Monika Arora is a senior advocate in the Delhi High Court and the Supreme Court of India and the Convener of the Group of Intellectuals and Academicians (GIA). She is the standing counsel for Jawaharlal Nehru University and has represented JNU in important matters in court. She has been a counsel for various ministries including the Home ministry, Finance ministry, External affair ministry and the ministry of Human Resource and Development. She has fought thousands of cases in various courts. She is a powerful orator and has participated in various seminars/ awareness campaigns on Uniform Civil Code and ending discrimination against women. She has been fighting for women's right to equality, freedom and dignity.
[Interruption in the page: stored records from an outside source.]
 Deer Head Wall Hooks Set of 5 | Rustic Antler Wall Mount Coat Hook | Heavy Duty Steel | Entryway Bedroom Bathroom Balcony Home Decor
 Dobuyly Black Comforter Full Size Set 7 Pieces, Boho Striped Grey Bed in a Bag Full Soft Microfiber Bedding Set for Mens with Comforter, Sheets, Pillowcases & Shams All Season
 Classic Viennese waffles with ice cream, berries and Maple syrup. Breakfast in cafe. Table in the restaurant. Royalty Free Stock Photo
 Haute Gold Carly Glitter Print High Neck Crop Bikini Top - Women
Sonali Chitalkar is Assistant Professor, Department of Political Science at Miranda House, University of Delhi. Her area of Specialization is International Relations with a focus on Conflict Resolution. She has been working on the State of Jammu and Kashmir as a part of peace facilitation. She is currently working on the framework of an Indic Theory of Gender as a part of her interest in Decolonisation of the Indian mind and Indigenous Political Theory.
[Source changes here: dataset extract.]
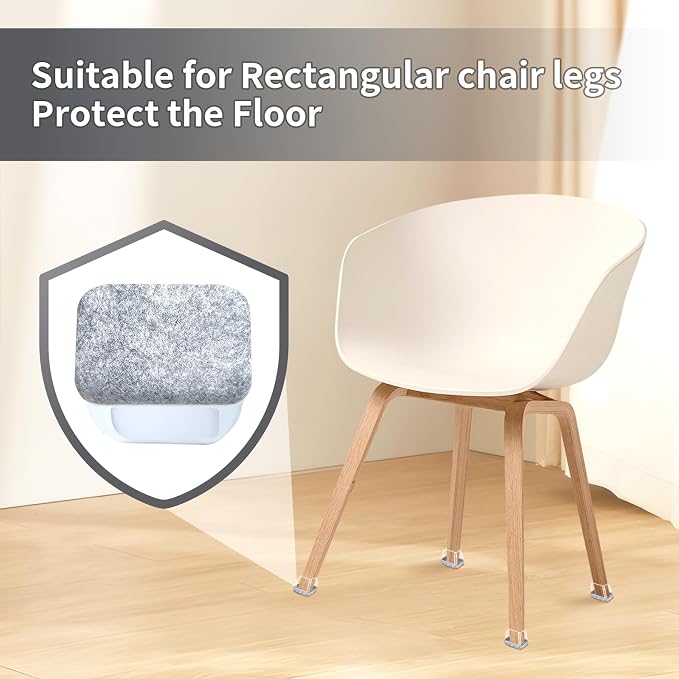 Ezprotekt 8 Pcs Rectangle Grey Felt Chair Leg Floor Protectors - Image 9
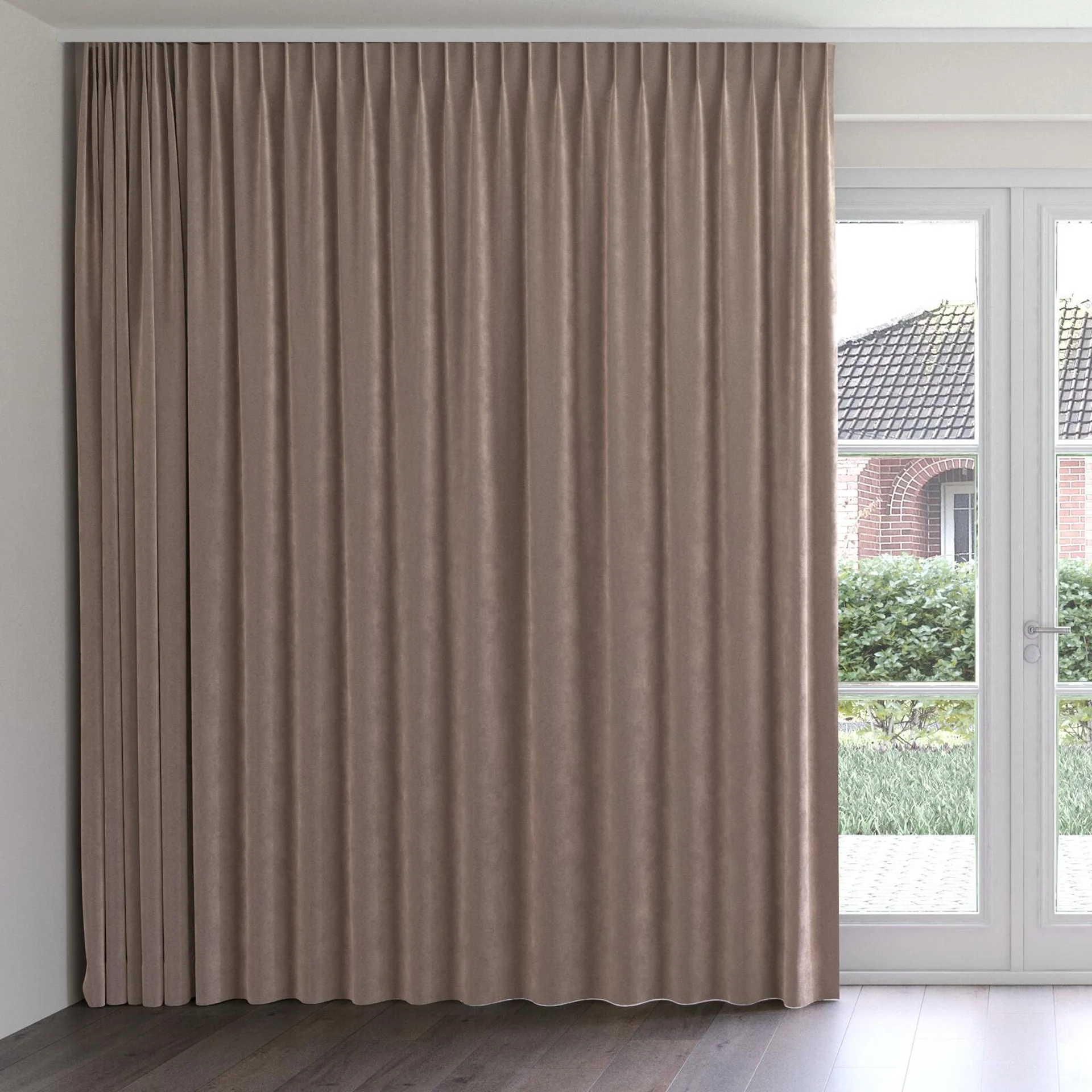 Front view of Lux Velvet Dusk 8704, on curtain rail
Dr. Prerna Malhotra teaches English at Ram Lal Anand College, Delhi University. She is the author of several books and is a prolific speaker and social influencer. She has worked extensively in Bastar and is a passionate voice for the rights of tribals of Bastar and against their brutalization by Urban Naxals.

Preface

As we bring forth this publication based on the ground report of the Delhi Riots early this year, which was a fact-finding mission undertaken by the Group of Intellectuals and Academicians (GIA) I am filled with a sense of having fulfilled our moral duty. After multiple visits to North East Delhi in the aftermath of the riots in February 2020, it was incumbent upon us to tell the world the true story of the agony faced by the 53 victims who lost their lives in this senseless violence. I am also aware that telling their story and that of the ordinary people who suffered economic losses and faced the naked terror on the streets of Delhi is necessary to cut through the rhetoric and propaganda associated with this episode of engineered communal violence. GIA watched with concern as Delhi burnt on 23-26 February 2020. However much before the immediate violence, members of the GIA discussed and worried over the deepening stress and tension that was being deliberately created in our beloved city over the Citizenship Amendment Act (CAA). Some of our members, who teach in various colleges in Delhi University (DU) and Jawaharlal Nehru University (JNU), noted the deliberate escalation of communal fault lines in Delhi at anti-CAA protest sites. We visited Shaheen Bagh to understand the happenings on the ground. And we came back appalled at the senseless dramatics being orchestrated by random groups there. We saw first-hand how theatrics and ideology, cloaked under the banner of the Tricolour and the Indian Constitution, barely hid a communal undertone. It was here that Kali, the free and fierce Hindu goddess, was imprisoned in a hijab. It was in Shaheen Bagh that Aum and the Swastika, holy to all Indic faiths, were desecrated.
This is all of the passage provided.